- Aim of the exercise:
Two lines mark the range in the entries below: the one holding "Parte da Praça" and the one holding "Osvajanjem se ležerno". Set down those two and all lines between them, exactly.

- Study material:

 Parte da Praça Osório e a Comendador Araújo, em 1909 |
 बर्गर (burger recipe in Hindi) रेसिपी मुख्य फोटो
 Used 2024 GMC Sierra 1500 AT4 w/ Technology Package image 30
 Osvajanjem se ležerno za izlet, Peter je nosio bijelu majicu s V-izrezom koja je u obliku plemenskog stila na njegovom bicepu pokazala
--
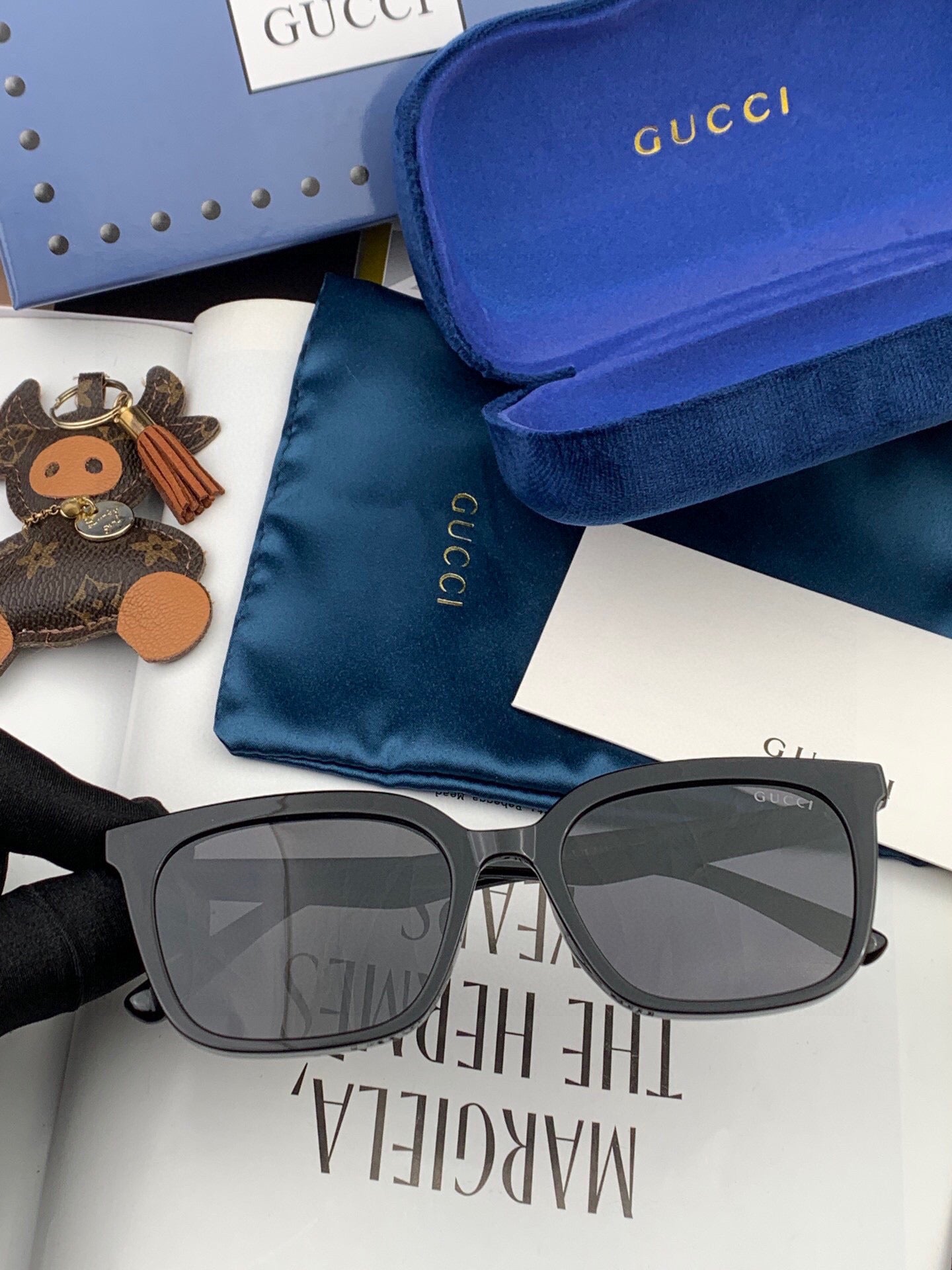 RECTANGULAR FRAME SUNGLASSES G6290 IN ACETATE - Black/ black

- Solution to this exercise:
 Parte da Praça Osório e a Comendador Araújo, em 1909 |
 बर्गर (burger recipe in Hindi) रेसिपी मुख्य फोटो
 Used 2024 GMC Sierra 1500 AT4 w/ Technology Package image 30
 Osvajanjem se ležerno za izlet, Peter je nosio bijelu majicu s V-izrezom koja je u obliku plemenskog stila na njegovom bicepu pokazala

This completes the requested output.